** RECORDS SHOWN follows **

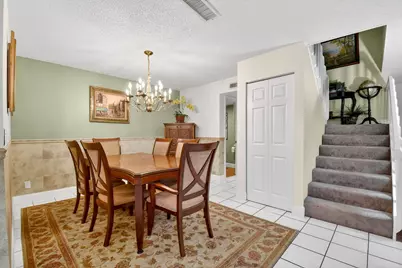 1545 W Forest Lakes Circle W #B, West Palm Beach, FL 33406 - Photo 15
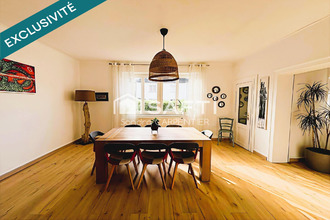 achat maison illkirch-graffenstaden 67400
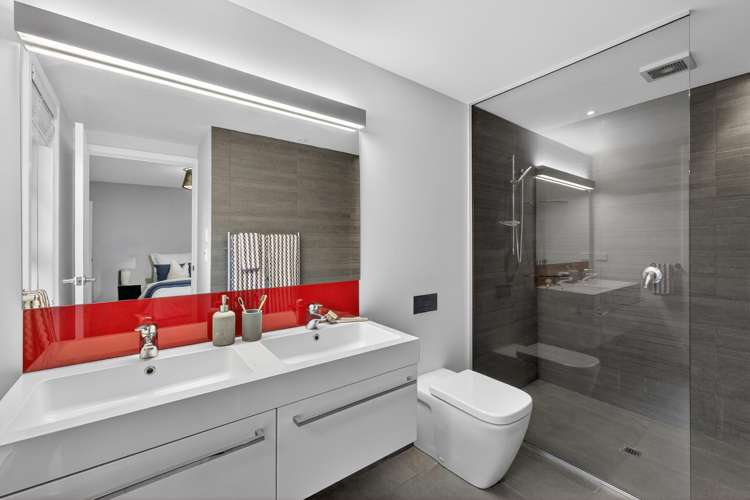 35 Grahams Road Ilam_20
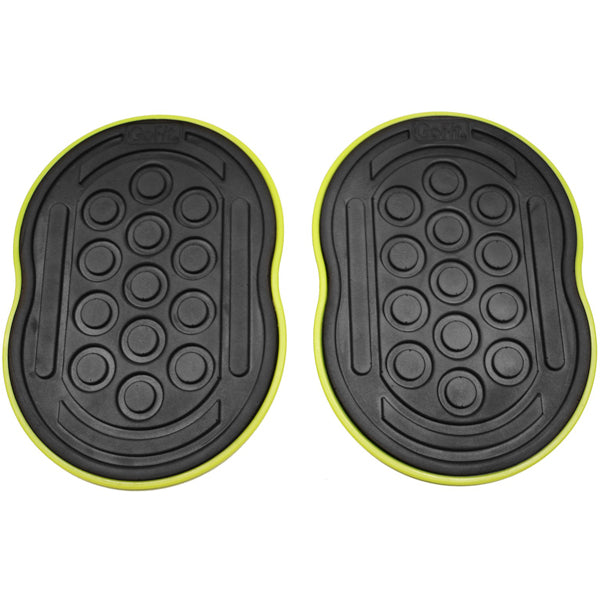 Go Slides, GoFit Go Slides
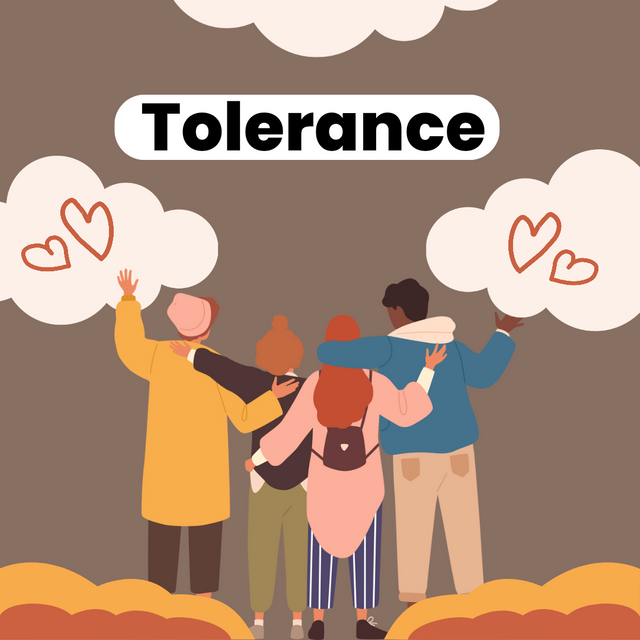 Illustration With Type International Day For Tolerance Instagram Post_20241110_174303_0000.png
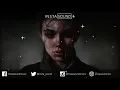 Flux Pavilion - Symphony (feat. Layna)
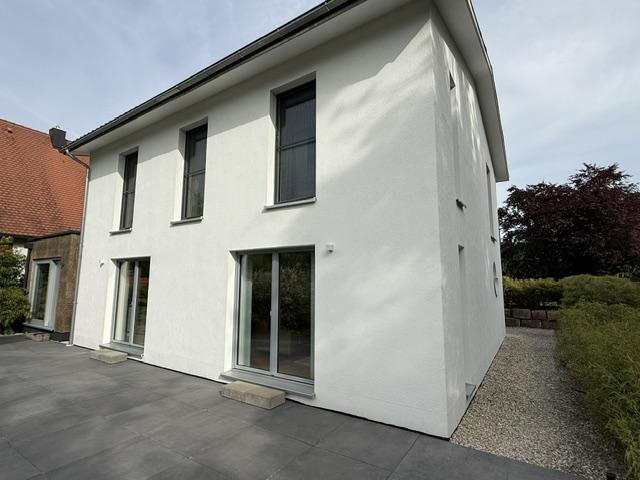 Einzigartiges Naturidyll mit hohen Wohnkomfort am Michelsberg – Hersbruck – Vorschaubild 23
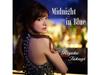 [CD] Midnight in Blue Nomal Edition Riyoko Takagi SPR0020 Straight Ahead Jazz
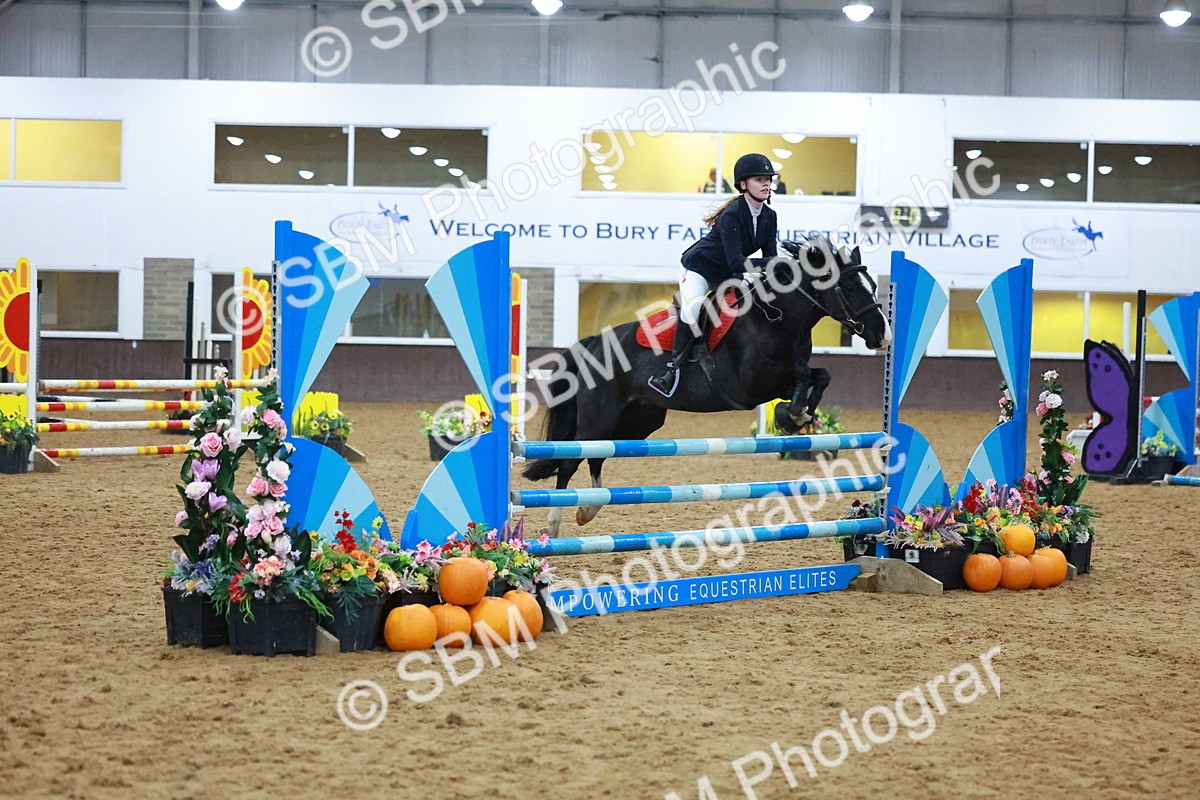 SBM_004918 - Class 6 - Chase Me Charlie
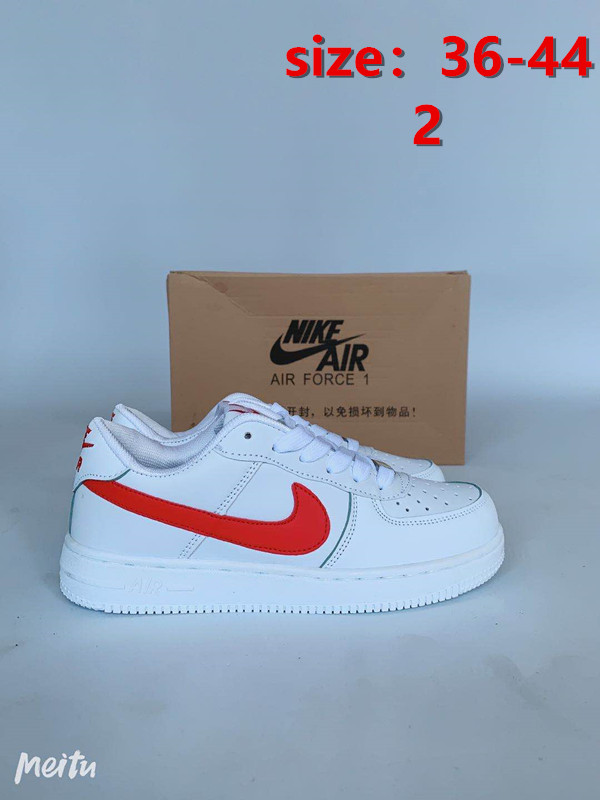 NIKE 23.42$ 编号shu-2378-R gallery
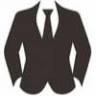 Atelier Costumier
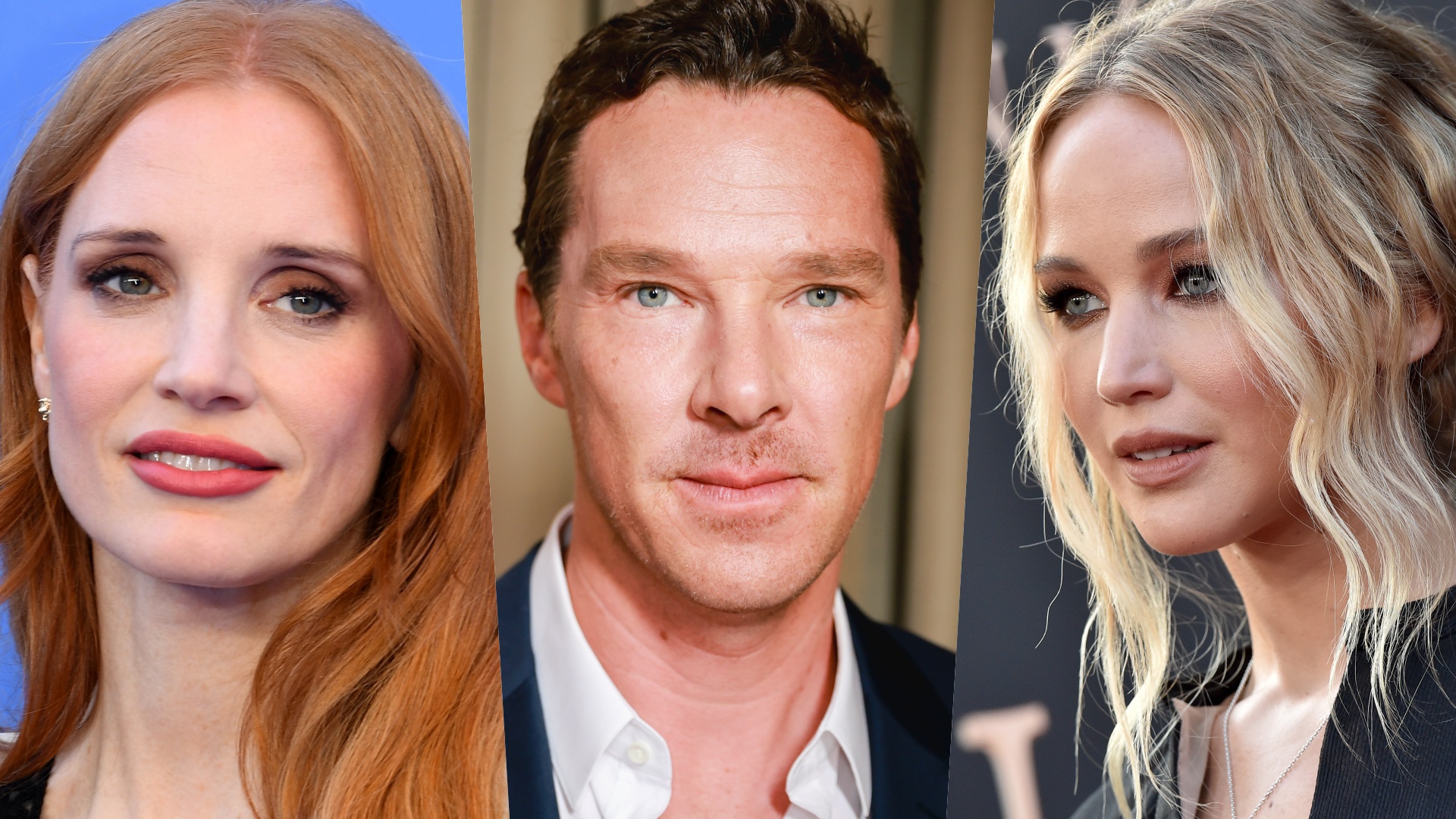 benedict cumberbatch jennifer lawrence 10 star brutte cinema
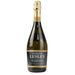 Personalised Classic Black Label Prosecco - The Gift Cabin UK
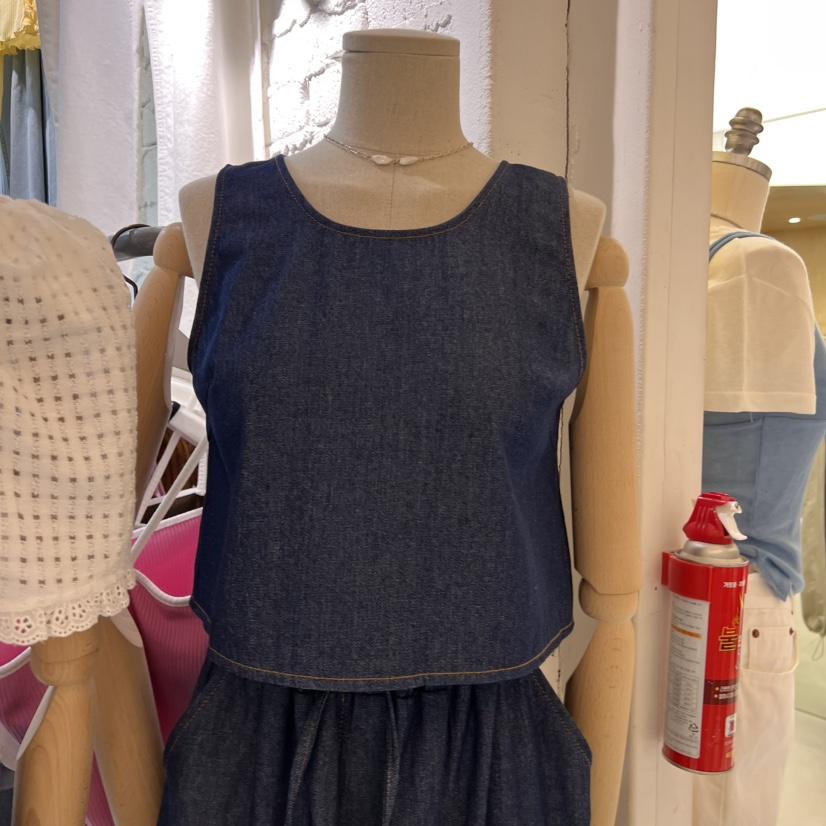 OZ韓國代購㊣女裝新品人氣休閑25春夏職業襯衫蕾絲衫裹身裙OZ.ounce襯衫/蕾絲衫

** End of RECORDS SHOWN **

All entries must be output unchanged, with every picture omitted.

 1545 W Forest Lakes Circle W #B, West Palm Beach, FL 33406 - Photo 15
 achat maison illkirch-graffenstaden 67400
 35 Grahams Road Ilam_20
 Go Slides, GoFit Go Slides
 Illustration With Type International Day For Tolerance Instagram Post_20241110_174303_0000.png
 Flux Pavilion - Symphony (feat. Layna)
 Einzigartiges Naturidyll mit hohen Wohnkomfort am Michelsberg – Hersbruck – Vorschaubild 23
 [CD] Midnight in Blue Nomal Edition Riyoko Takagi SPR0020 Straight Ahead Jazz
 SBM_004918 - Class 6 - Chase Me Charlie
 NIKE 23.42$ 编号shu-2378-R gallery
 Atelier Costumier
 benedict cumberbatch jennifer lawrence 10 star brutte cinema
 Personalised Classic Black Label Prosecco - The Gift Cabin UK
 OZ韓國代購㊣女裝新品人氣休閑25春夏職業襯衫蕾絲衫裹身裙OZ.ounce襯衫/蕾絲衫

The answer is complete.